En parallèle la Phalange espagnole, mouvement politique fasciste, financée par l’Italie, poursuit son développement. Fondé en 1933, mais n’ayant obtenu qu’un seul député, cette organisation reste, lors de ses premiers mois d’existence, anodine dans le paysage politique espagnol. Dirigée par José Antonio Primo de Rivera, fils de l’ancien dictateur, la Phalange va se refuser à une alliance avec la CEDA lors des élections de février 1936.

La courte expérience du Front populaire espagnol

Devant la montée du nazisme et du fascisme en Europe, et en particulier après la victoire d’Hitler en Allemagne, le Komintern, l’Internationale communiste, prend une décision importante lors de son 7ème Congrès. Désormais les partis communistes devront s’unir avec les autres forces de gauche. Cela va conduire à la création en Espagne, comme en France, des Fronts populaires. En Espagne celui-ci est constitué de plusieurs partis de gauche et d’organisations ouvrières, même les anarchistes apportent un soutien critique au Front populaire car la libération des prisonniers politiques est inscrit dans le programme- acté le 15 janvier 1936.

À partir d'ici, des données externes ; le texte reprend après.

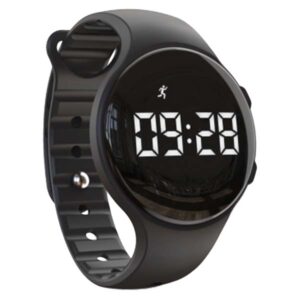 Black vibrating alarm watch for daily reminders.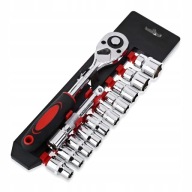 ZESTAW KLUCZY NASADOWYCH 1/4" 12EL GRZECHOTKA PRZEDŁUŻKA 4" METRYCZNE 4-13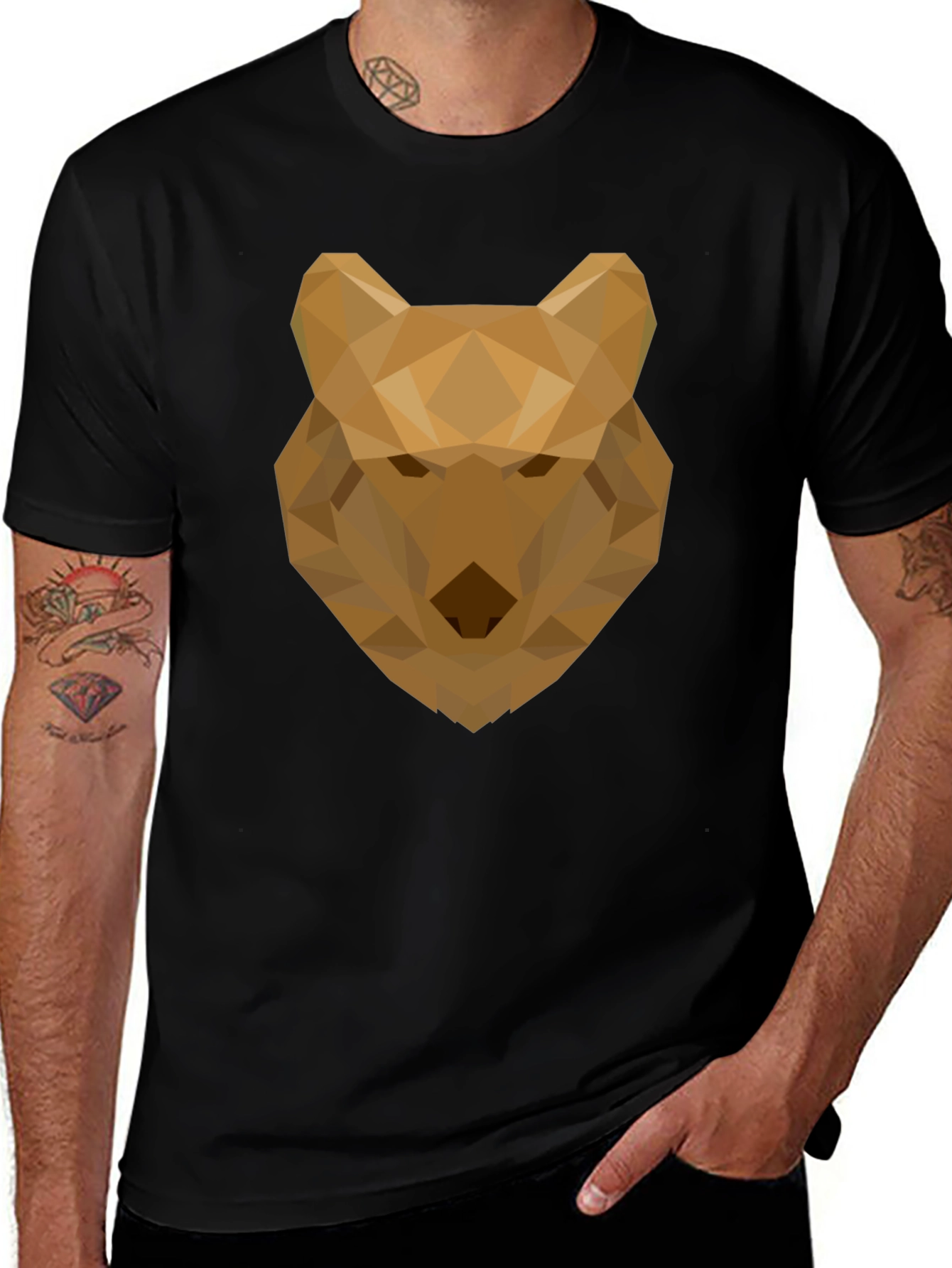 Geometric Wolf Graphic Tee - Modern Style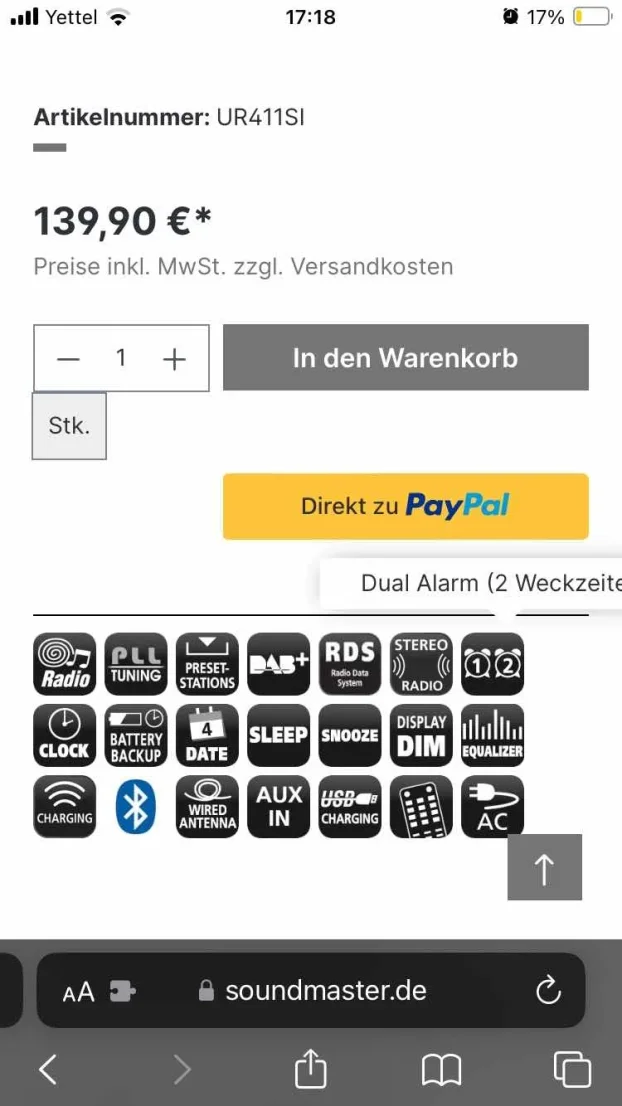 Bluetooth Dab+ FM radio Aux IN soundmaster ur411si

Face au Front populaire se dresse une coalition de la droite : le Front national. Le scrutin qui se déroule en février 1936 est très serré et démontre la division qui règne déjà en Espagne. D’autant plus que le système électoral espagnol est constitué d’une telle manière que les faibles écarts en terme de pourcentages ne se traduisent pas en nombre de députés. Pour la droite et les milieux conservateurs la victoire du Front populaire est une catastrophe synonyme de progression du communisme.

Le président Niceto Alcala-Zamora est destitué et remplacé par Manuel Azana, l’ancien Premier ministre entre 1931 et 1933. Comme prévu ce sont près de 30 000 prisonniers politiques (dont une grande partie d’anarchistes) qui sont libérés, des travailleurs licenciés retrouvent leur poste, et la réforme agraire est reprise. De nombreuses mobilisations sociales, à l’image de ce qu’il se passera en France par la suite, sont menées afin de rappeler au gouvernement ses engagements.

D’ autre côté la violence réapparaît dans les rues. Les oppositions sont de plus en plus vives, elles se traduisent notamment par des assassinats des partisans des deux camps. Entre les élections et le mois de juin 1936 on dénombre ainsi plus de 260 tués, plus de 1 200 blessés, des centaines de bâtiments détruits ou endommagés et plus de 140 attentats à la bombe.

Le 13 juillet se produit un événement qui servira de prétexte aux militaires pour débuter leur coup d’état : José Calvo Sotelo, chef de file de la droite à l’Assemblée est assassiné le 13 juillet 1936. Quelques jours plus tard, le 17 juillet 1936, des unités de l’armée espagnole, basées au Maroc se soulèvent contre le gouvernement légitime.